Classifications of different stages of DR with OCTA DL models have obtained values of AUC of 0.865. Nevertheless, the combination of both OCT and OCTA images, and clinical and demographic data, reached the best AUC (0.96) [148]. The use of this new technique provides the possibility of early detection and may help in DR progression assessments with great accuracy and reliability, evaluating large amounts of data in a short time and reducing human labour, playing a key role in OCTA image analysis of this developing pathology. Multi-ethnic individuals with millions of samples are required to train DL-OCTA devices.

4. Summary and Conclusions

OCTA can provide a large number of findings about the retinal capillary layers and CC in DM patients even without signs of DR. OCTA offers advantages over FA, because it is a non-invasive and faster assessment that can be used as a routine exploration. A variety of metrics can be obtained, including FAZ, acircularity index, axis ratio, VD, NV, and other vascular parameters, such as fractal dimension, vessel tortuosity, or skeleton density, that can be considered markers of the disease and progression. Due to variability between subjects, OCTA results differ from one study to another.

We performed a systematic review of the studies published in this field.

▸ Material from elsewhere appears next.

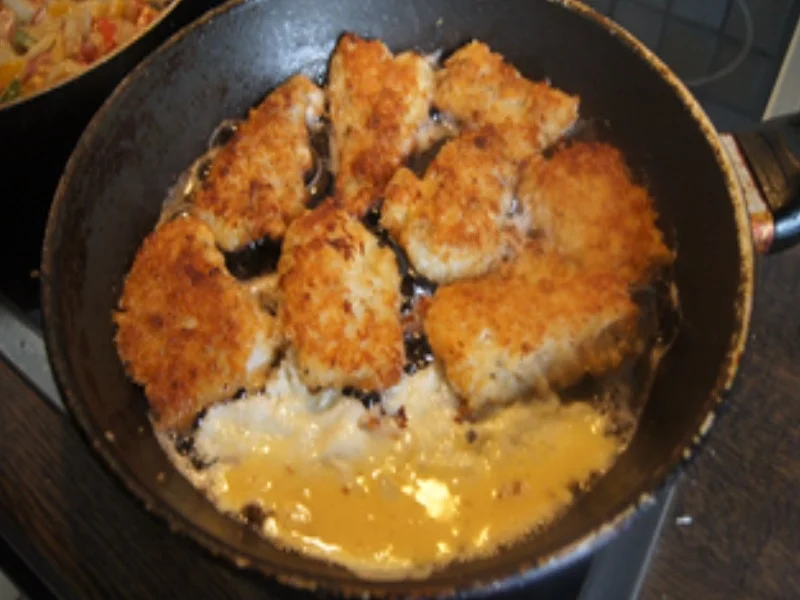 Knusper-Fischfilet mit Zwiebel-Paprika-Gemüse und Kartoffelstampf - Rezept - Bild Nr. 17151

We checked for other papers missing after the review process, but some information could have been missed.

Development and improvements in OCTA devices, such as the protocols, the studied field, acquisition speed, and automatically performed measurements including FAZ measurements and irregularity, density, and flow index, and other quantitative features including blood vessel calibre, tortuosity, vessel branching coefficient, and angle, etc., are important clinical benefits in the diagnosis and control of both preclinical and clinical DR. It will offer great advantages in detecting vascular changes, NPA, or NV, not only at the macula, but also at the periphery with WF-OCTA, which could change the diagnosis and disease management.

Several studies have detected potential OCTA biomarkers for DR development or for treatment response. OCTA with multimodal images and systemic biomarkers may guide follow-up and treatment options as well as vascular changes after treatment response. More studies are needed to address the importance of all these factors.